In einem kurzen Artikel über das Wesen des chinesischen Denkens beschreibt der Philosoph Arnold Keyserling dieses als auf einem so tiefen Naturverstehen beruhend, wie es in anderen Weltgegenden nur von Dichtern in einem außergewöhnlicher Zustand innerer Kommunion erreicht worden wäre. Außergewöhnlich in anderen Weltgegenden, stellte es für die gebildeten Chinesen Norm und Basis ihres Bewusstsein dar. Durch Systeme von Entsprechungen und Korrespondenzen verknüpfte dieses Naturverstehen Prozesse der Natur, die Struktur des menschlichen Körpers, Fragen des gesellschaftlichen und politischen Zusammenlebens bis hin zu solchen der Kreativität und schöpferischen Inspiration zu einem organischen Ganzen. Der Zusammenhang des Ganzen wurde jedoch nicht direkt im System der Entsprechungen gesucht, sondern in dem diesem zugrundeliegenden undifferenzierten Kontinuum (Hundun 混沌 – Chaos), dem Natur, Leben, Bewusstsein und Kreativität gemeinsam entspringen.

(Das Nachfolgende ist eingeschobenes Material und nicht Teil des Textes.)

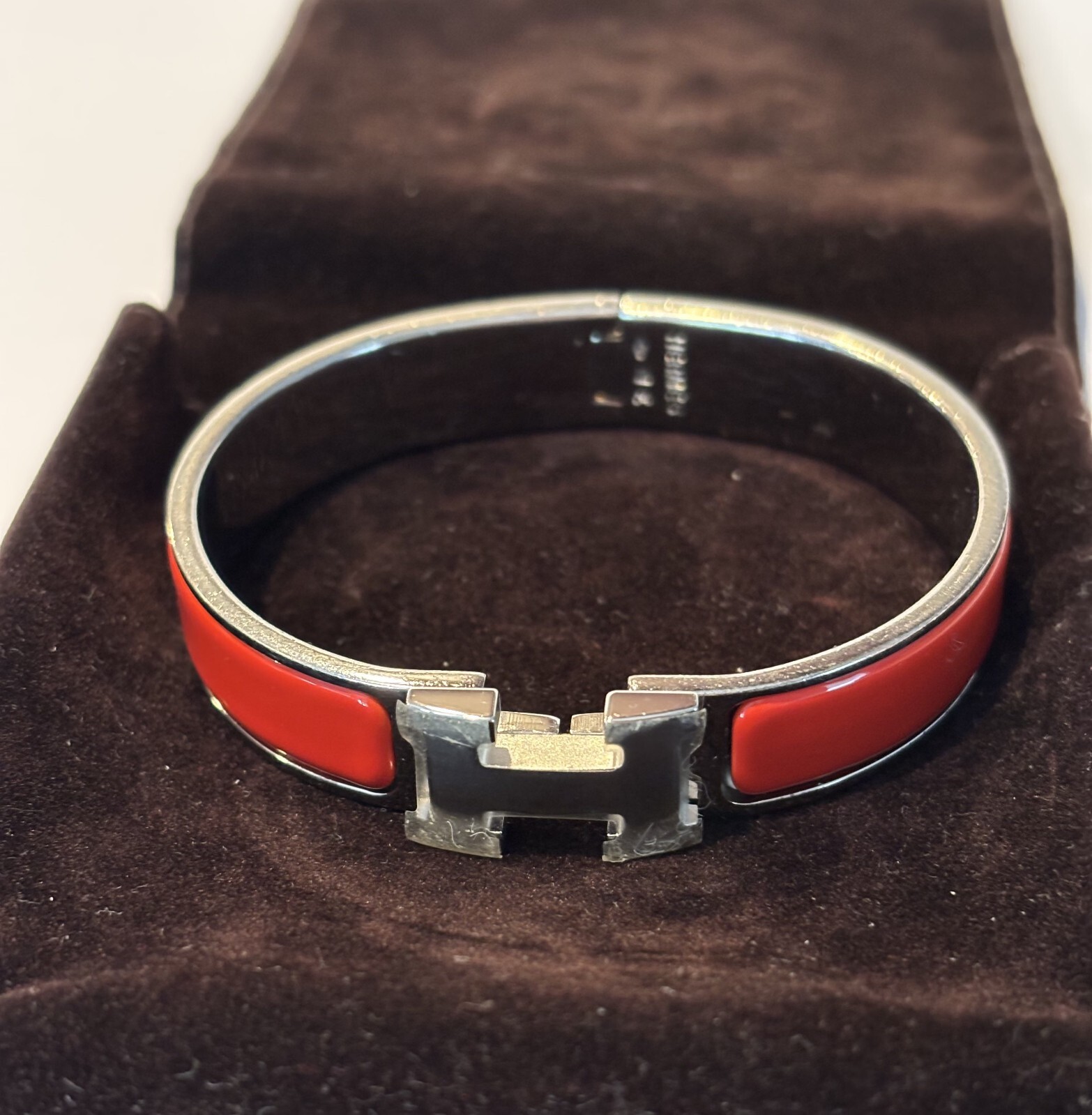 AUTHENTIC HERMÈS Clic Clac H’ Red Enamel Painted/ Palladium Plated Bracelet READ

Sein Leben hierauf, auf eben dieses undifferenzierte Kontinuum, zu gründen, würde dem Menschen erlauben, den Zusammenhang mit der Natur nicht zu verlieren, in sich und um sich Ordnung und Harmonie entstehen zu lassen und die schöpferischen Möglichkeiten der Natur durch sich zum Ausdruck und zur Vollendung zu bringen.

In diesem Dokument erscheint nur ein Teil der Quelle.